Así, ya no hay mucho
que decir, a partir del momento en que nuestro amigo lector ha adquirido el anhelado
privilegio de no ser molestado, de repantingarse con evidente placer en su suave
sillón de terciopelo verde para bucear en la lectura. Quiero decir, no hay
mucho que decir de ese plano del relato. Todo cabe enunciarse así: está
leyendo. Ahora les hablo de lo que lee. Entonces, como si hiciéramos un zoom
a las páginas del libro (¿acaso encuadernado con tapas verdes?) la imagen
cambia a la historia leída. Una mujer y un hombre, amantes, se
encuentran, en un lugar secreto. Decididos a cometer un asesinato, seguramente
el del marido de ella. Todo está preparado, saben que habrán de separarse, para
cumplir cada uno con su cometido, sea la ejecución del acto nefando o la
fabricación de un trampantojo de coartadas y encubrimientos. Él, el
amante (todo el mundo es anónimo en este cuento, y por eso todo el mundo es
nosotros) empieza a recorrer su camino, en busca de la casa.
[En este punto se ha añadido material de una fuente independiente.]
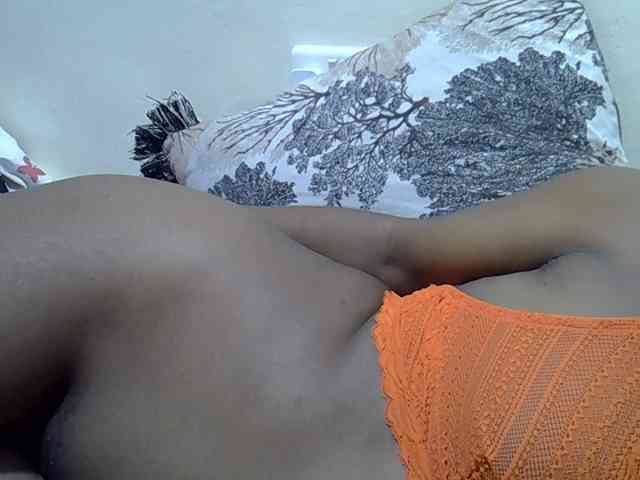 sweetval1 webcam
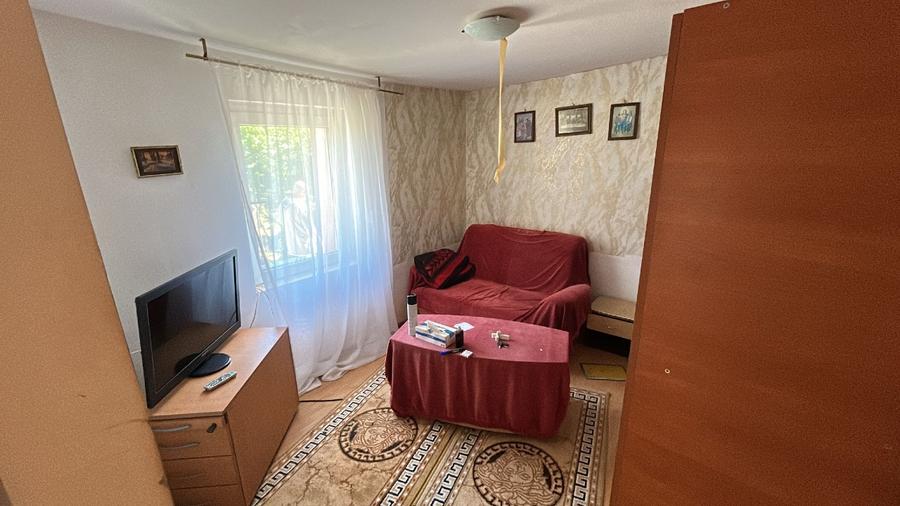 Casă individuală cu 3 camere cu Teren 1037 Mp în Bucșani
Todo se cumple
como estaba previsto. Los perros no ladran, el mayordomo no está. Se acerca
sigiloso, por la espalda, a su víctima, que lee, ajeno a todo, confortablemente
instalado en un sillón de terciopelo verde. Su víctima, que lee un libro en el
que un asesino se acerca a alguien que está leyendo. Que está leyendo una
novela en la que un asesino se acerca a alguien que está leyendo. Que está… et
voilà, estimado público, la mise-en-abyme.
11.
Si sólo fuera por su
alucinante economía, por la certeza de su procedimiento, por la limpidez de su
geometría, el relato ya sería memorable. Pero hay algo más, algo que va calando
cuando uno lo lee una y otra vez, sobre todo si lo lee según van pasando los
años, si ya han pasado más de cuarenta años entre aquella primera vez y la de
ahora mismo. La mise-en-abyme, como toda mise-en-abyme que se
precie, es infinita. Y por lo tanto, se desborda. Contamina nuestro espacio,
nuestro tiempo, nos engulle. Y en ese engullirnos se refleja una vez más, y
genera nuevos vástagos, que nos incluyen y en ese vértigo es, por supuesto, dulce
naufragar. Veamos, si no. Primera vuelta de tuerca. Imagínense leyendo
algo, un cuento, cualquier cosa. Imaginen, si no, que están paseando, o
trabajando, o escuchando música. ¿Se acuerdan (no me digan que no) de esas sincronicidades,
de ese extraño anudar de la cronología, que tantas veces acontece? Sí, estaba
justo leyendo eso cuando apareció… hablaban de él por la radio y entonces… esta
misma mañana alguien me ha dicho exactamente lo mismo… he soñado con esto esta
noche. Apúntenlo. Si al final de todo esto sale una teoría habrá que tenerlo en
cuenta. Quiero decir, que Continuidad de los parques se deja también
leer de un modo perfectamente inocente pero igualmente abismal: simplemente es
una casualidad. La siguiente frase podría ser: Sonrió, porque justamente
en la novela había un personaje que estaba leyendo como él, en una butaca de
terciopelo verde. Qué curioso, dijo, y cerró el libro. Se había hecho ya tarde
y tenía que cenar.
12.
Siguiente giro de la
noria: ¿cómo sigue la novela? No se sabe, no puede saberse, porque, si
admitimos el extraño bucle que ha hecho que el amante vaya a asesinar
justamente al lector, muerto éste, ya no hay lector que continúe la
historia. El libro, con toda probabilidad manchado de sangre, se habrá quedado
en el regazo, o habrá resbalado al suelo. Quizás después, levantado el cadáver,
el mayordomo, visiblemente cómplice, lo reubique en algún estante, o lo arroje
a la basura. No sabemos qué novela era, dónde buscar la continuación. Es decir: estamos
obligados a inventarla. Podemos pensar que en efecto, el ataque a traición
es exitoso, tanto que, a lo mejor, el difunto ni siquiera se enteró muy bien de
lo que le ocurría, apuñalado en la nuca, como en una película de mafiosos. O hubo un forcejeo y
finalmente el amante fue reducido y entregado a la justicia. ¿Qué fue de ella?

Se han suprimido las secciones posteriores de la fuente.